▸ The task: Give the data again exactly as it appears, excluding any pictures.

Data excerpts
Start of Block

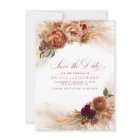 Rust Terracotta Burnt Orange Fall Enregistrer la d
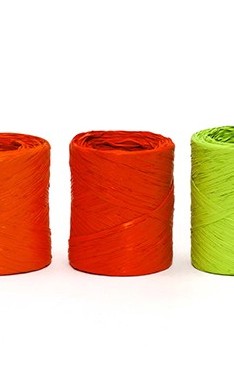 Polyraffia. 15mm/L:200m. rot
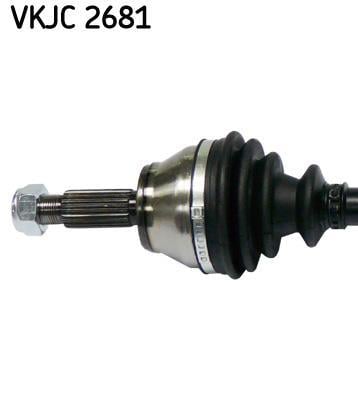 Cardan SKF VKJC 2681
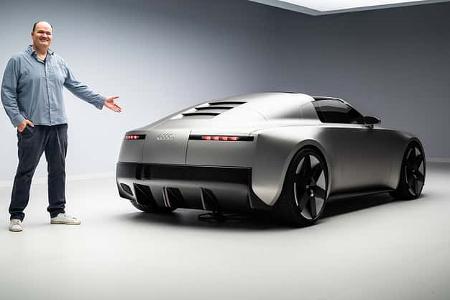 Audi Concept C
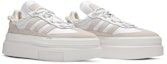 Cheap (W) Ivy Park x adidas Super Sleek 72 'Icy Park' Lelaki & Wanita Sneakers GX2769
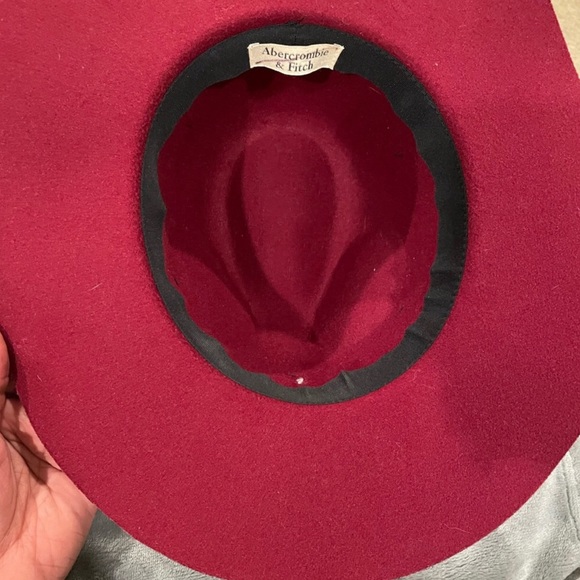 Abercrombie and Fitch felt hat - Picture 4 of 6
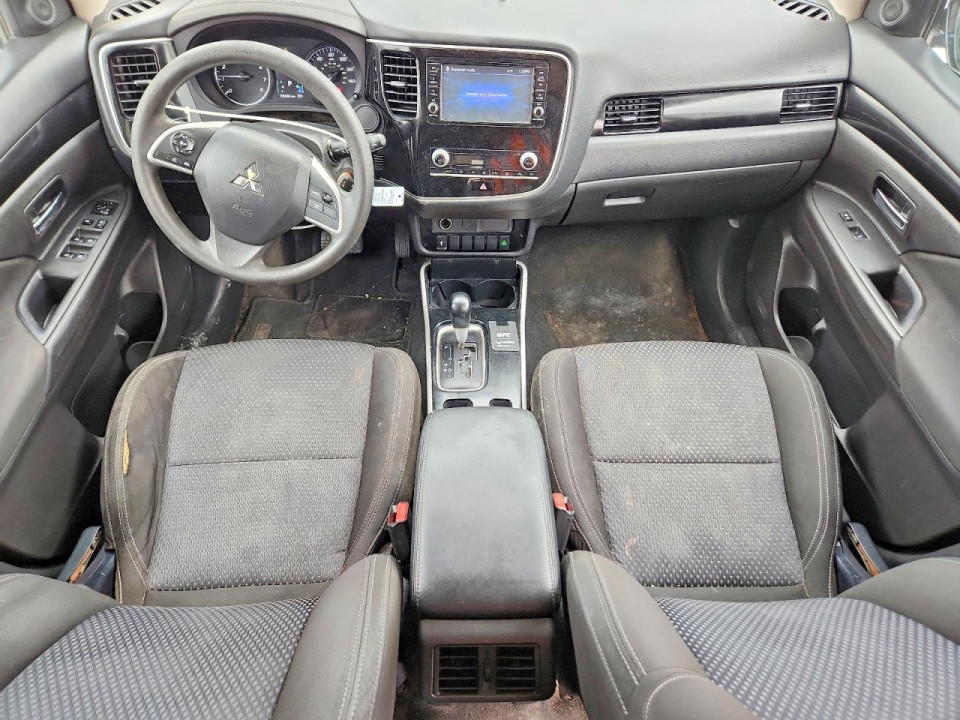 Mitsubishi OUTLANDER 2020 — Copart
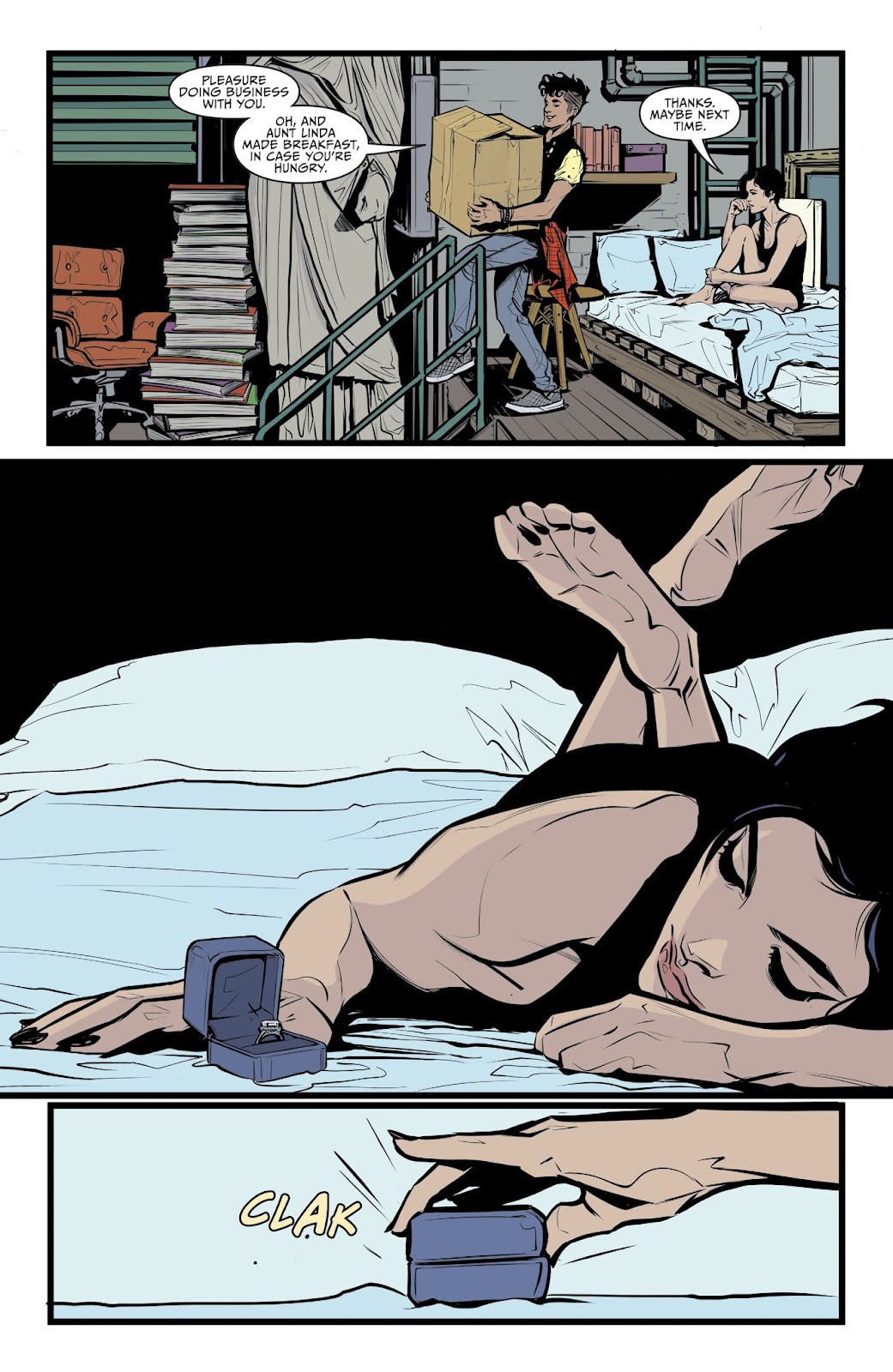 Catwoman (2018) issue 2 - Page 16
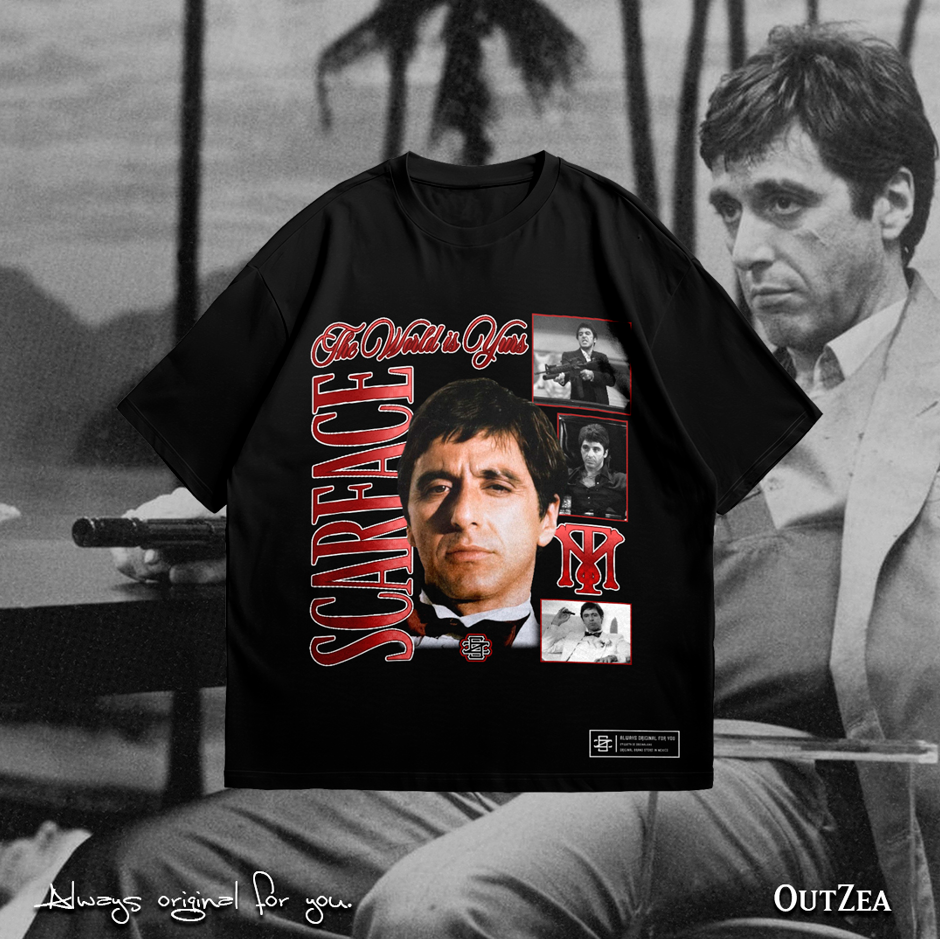 Say Hello - Scarface Collection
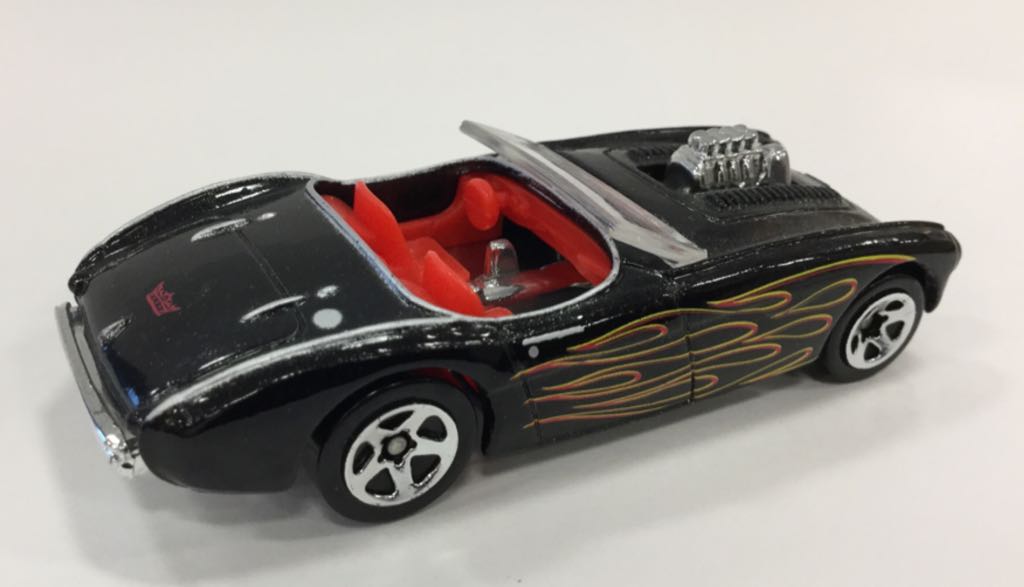Austin Healey - Pride Rides toy car collectible - Main Image 2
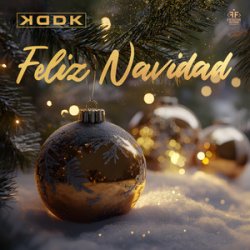Мұқаба KDDK - Feliz Navidad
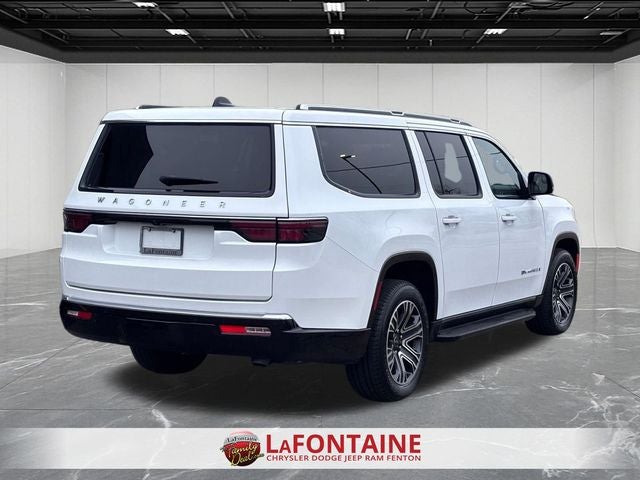 2025 Jeep Wagoneer L Series II 4x4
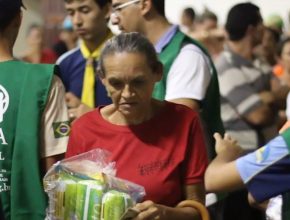 Doações beneficiam vítimas de enchentes no interior de Pernambuco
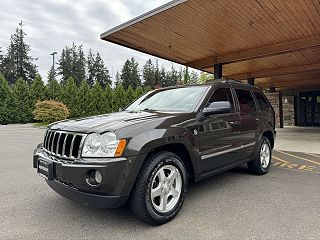 2006 Jeep Grand Cherokee Limited Edition VIN: 1J4HR58N06C336965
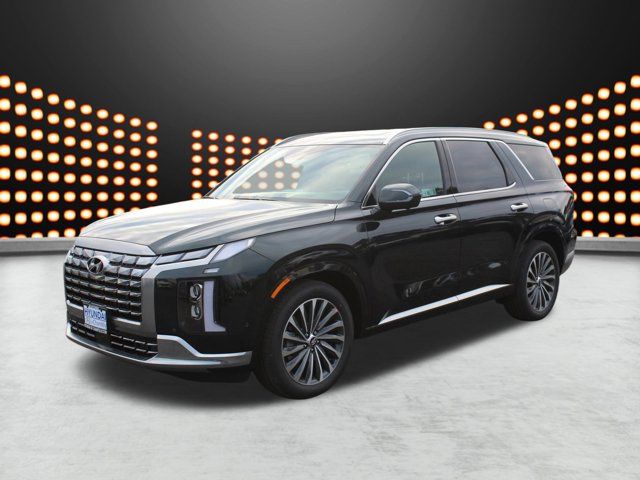 2025 Hyundai Palisade Calligraphy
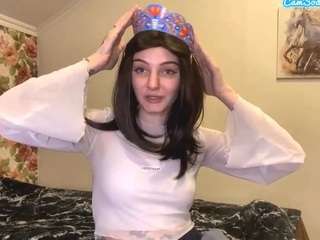 SeritaSnavely on webcam for live free nude chat now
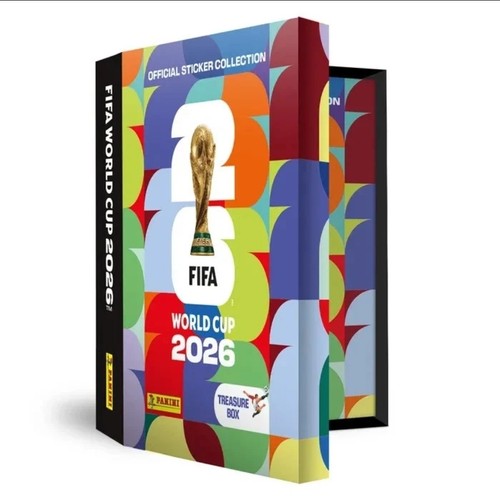 Panini 2026 sticker - 2026,
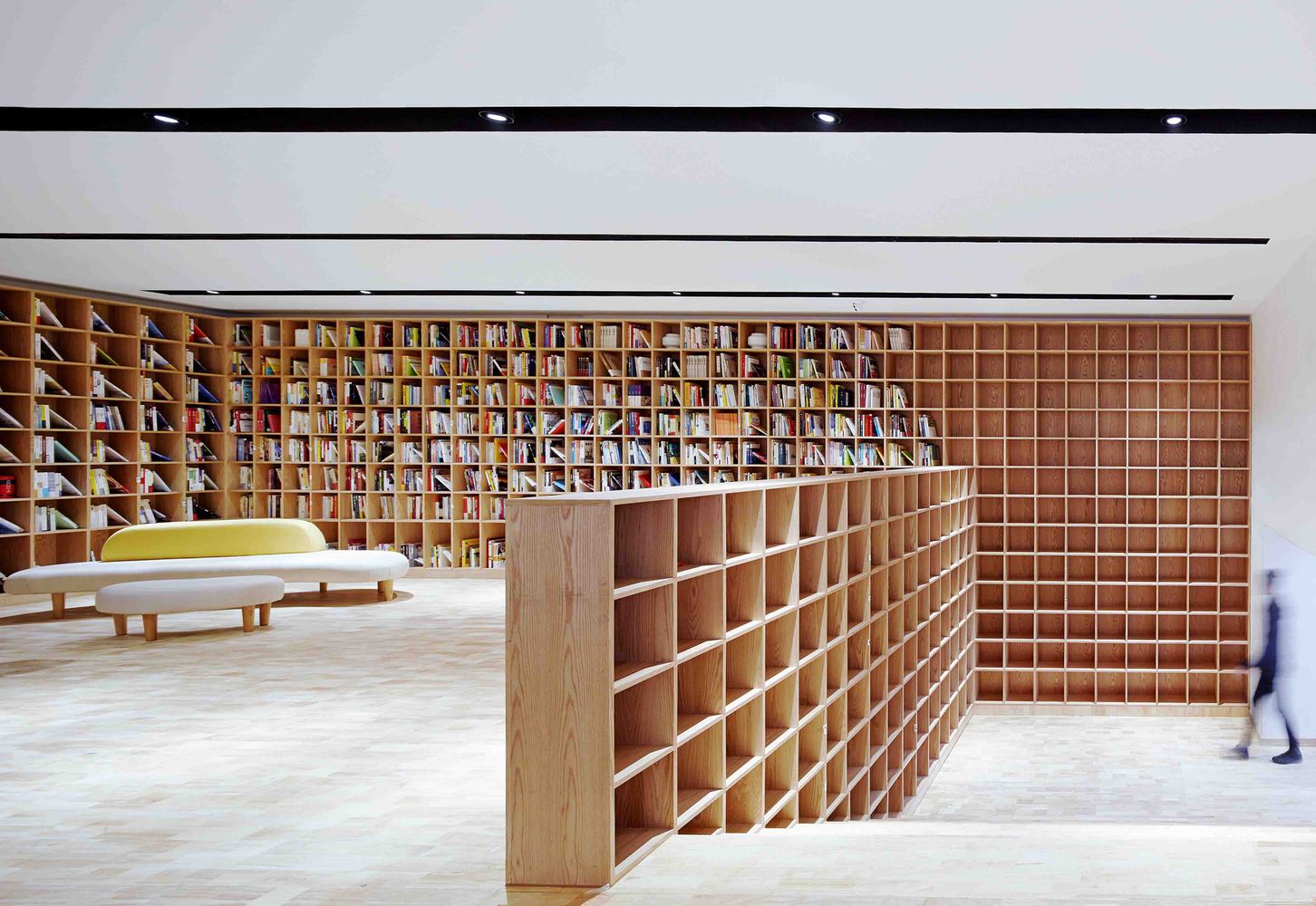 THE CUBE – Taiyuan City of Lights  CLOU architects-40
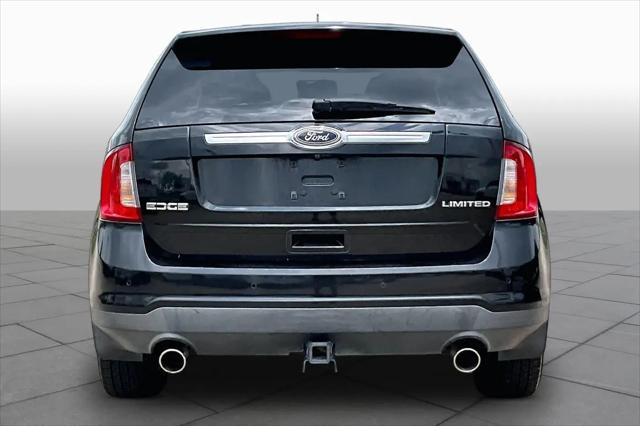 2011 Ford Edge Limited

End of Block

▸ Result below:
 Rust Terracotta Burnt Orange Fall Enregistrer la d
 Polyraffia. 15mm/L:200m. rot
 Cardan SKF VKJC 2681
 Audi Concept C
 Cheap (W) Ivy Park x adidas Super Sleek 72 'Icy Park' Lelaki & Wanita Sneakers GX2769
 Abercrombie and Fitch felt hat - Picture 4 of 6
 Mitsubishi OUTLANDER 2020 — Copart
 Catwoman (2018) issue 2 - Page 16
 Say Hello - Scarface Collection
Austin Healey - Pride Rides toy car collectible - Main Image 2
Мұқаба KDDK - Feliz Navidad
 2025 Jeep Wagoneer L Series II 4x4
 Doações beneficiam vítimas de enchentes no interior de Pernambuco
 2006 Jeep Grand Cherokee Limited Edition VIN: 1J4HR58N06C336965
 2025 Hyundai Palisade Calligraphy
 SeritaSnavely on webcam for live free nude chat now
 Panini 2026 sticker - 2026,
 THE CUBE – Taiyuan City of Lights  CLOU architects-40
 2011 Ford Edge Limited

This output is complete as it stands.